En effet, une gare est aujourd’hui bien plus qu’une infrastructure ferroviaire. L’intermodalité et la multimodalité offertes par les gares en font des lieux attractifs puissants dans les espaces urbains, qui sont bien plus que de simples lieux de passage. On peut estimer que les gares recouvrent désormais trois grandes fonctions : une fonction technique et technologique, à savoir l’accueil de trains ; une fonction commerciale par l’extension des activités extra-ferroviaires dans la gare, comme la restauration et les commerces ; une fonction patrimoniale en lien avec la sauvegarde et la réhabilitation des bâtiments historiques que sont devenues les gares (Baron et Roseau, 2016). La coexistence de ces différentes fonctions n’est pas obligatoirement aisée dans des bâtiments qui doivent réserver des surfaces importantes pour les infrastructures ferroviaires elles-mêmes. On assiste donc à une diversification des usages de la gare, qui est au cœur du projet d’Amtrak, intitulé Union Station Master Plan (Amtrak, 2012).

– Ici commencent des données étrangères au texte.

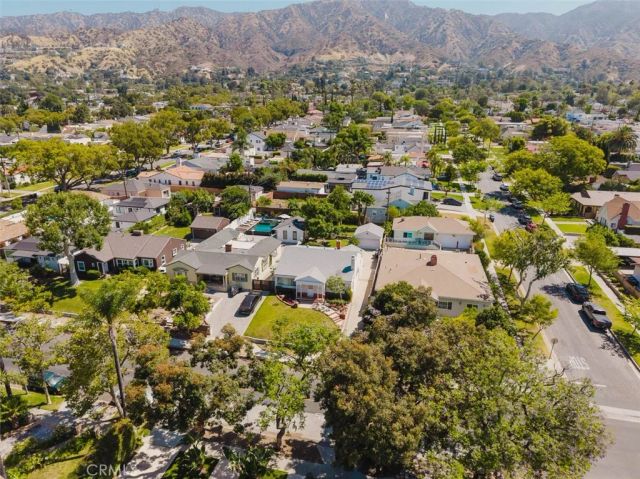 2007 W Kenneth Road, Glendale, CA 91201
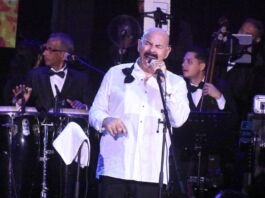 Oscar D’León ya se encuentra en Venezuela para sus conciertos en Caracas y Valencia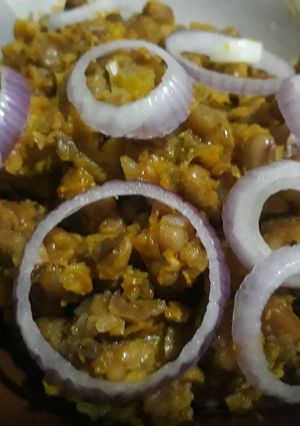 A picture of Porriage beans with onion.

Repenser le caractère urbain de la gare

Si les gares européennes ont déjà expérimenté une première phase importante de constructions/réhabilitations à partir des années 1970-1980, entrant désormais dans une seconde phase avec la relance de projets ferroviaires à grande vitesse (Baron et Roseau, 2016), les gares états-uniennes n’ont pas cette expérience. Les projets actuels, qui ne sont pas propres à Washington D.C., attestent de deux phénomènes nouveaux mais particulièrement intéressants à étudier. Tout d’abord, si les avancées des projets de grande vitesse ferroviaire peuvent sembler lents, les projets de gare sont eux nombreux et portent leurs fruits, à l’image d’Union Station. De plus, l’importance et la multiplication des projets de réhabilitation ou de constructions de gares aux États-Unis révèlent une prise de conscience du caractère central et polarisateur que les gares peuvent revêtir (Ruggeri, 2015a). Face à ces deux tendances, la question du lien entre ville et gare devient un enjeu primordial pour les acteurs ferroviaires et urbains.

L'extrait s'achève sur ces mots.